THE INPUT:
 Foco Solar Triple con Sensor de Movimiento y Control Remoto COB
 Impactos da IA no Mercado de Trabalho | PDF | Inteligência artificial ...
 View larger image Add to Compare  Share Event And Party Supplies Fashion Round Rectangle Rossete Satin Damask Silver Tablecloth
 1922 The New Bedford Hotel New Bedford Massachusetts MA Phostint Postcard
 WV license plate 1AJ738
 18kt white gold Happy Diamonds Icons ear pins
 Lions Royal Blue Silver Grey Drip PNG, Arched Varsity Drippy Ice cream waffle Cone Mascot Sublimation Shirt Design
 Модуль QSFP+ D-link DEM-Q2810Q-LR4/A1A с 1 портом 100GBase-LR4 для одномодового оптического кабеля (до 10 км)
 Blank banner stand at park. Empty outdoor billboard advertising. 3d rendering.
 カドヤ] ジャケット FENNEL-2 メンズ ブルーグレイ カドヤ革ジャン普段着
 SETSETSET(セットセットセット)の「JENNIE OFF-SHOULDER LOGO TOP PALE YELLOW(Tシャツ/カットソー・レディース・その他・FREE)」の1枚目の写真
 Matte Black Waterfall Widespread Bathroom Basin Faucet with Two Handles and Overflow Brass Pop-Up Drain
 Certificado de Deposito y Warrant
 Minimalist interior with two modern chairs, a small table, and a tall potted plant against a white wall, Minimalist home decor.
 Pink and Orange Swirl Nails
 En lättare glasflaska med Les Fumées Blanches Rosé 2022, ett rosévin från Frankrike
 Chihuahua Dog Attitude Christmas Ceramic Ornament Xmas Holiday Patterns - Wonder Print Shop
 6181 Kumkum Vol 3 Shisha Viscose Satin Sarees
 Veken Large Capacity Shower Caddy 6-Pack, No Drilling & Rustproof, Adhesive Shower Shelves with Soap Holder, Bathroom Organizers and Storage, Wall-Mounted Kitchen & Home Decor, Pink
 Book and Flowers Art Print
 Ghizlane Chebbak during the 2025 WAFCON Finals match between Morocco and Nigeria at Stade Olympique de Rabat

TASK TO COMPLETE: Starting from the line with "Minimalist interior with", write out every remaining line of the data above exactly, the final line included, and nothing before it.

ANSWER TO THIS TASK:
 Minimalist interior with two modern chairs, a small table, and a tall potted plant against a white wall, Minimalist home decor.
 Pink and Orange Swirl Nails
 En lättare glasflaska med Les Fumées Blanches Rosé 2022, ett rosévin från Frankrike
 Chihuahua Dog Attitude Christmas Ceramic Ornament Xmas Holiday Patterns - Wonder Print Shop
 6181 Kumkum Vol 3 Shisha Viscose Satin Sarees
 Veken Large Capacity Shower Caddy 6-Pack, No Drilling & Rustproof, Adhesive Shower Shelves with Soap Holder, Bathroom Organizers and Storage, Wall-Mounted Kitchen & Home Decor, Pink
 Book and Flowers Art Print
 Ghizlane Chebbak during the 2025 WAFCON Finals match between Morocco and Nigeria at Stade Olympique de Rabat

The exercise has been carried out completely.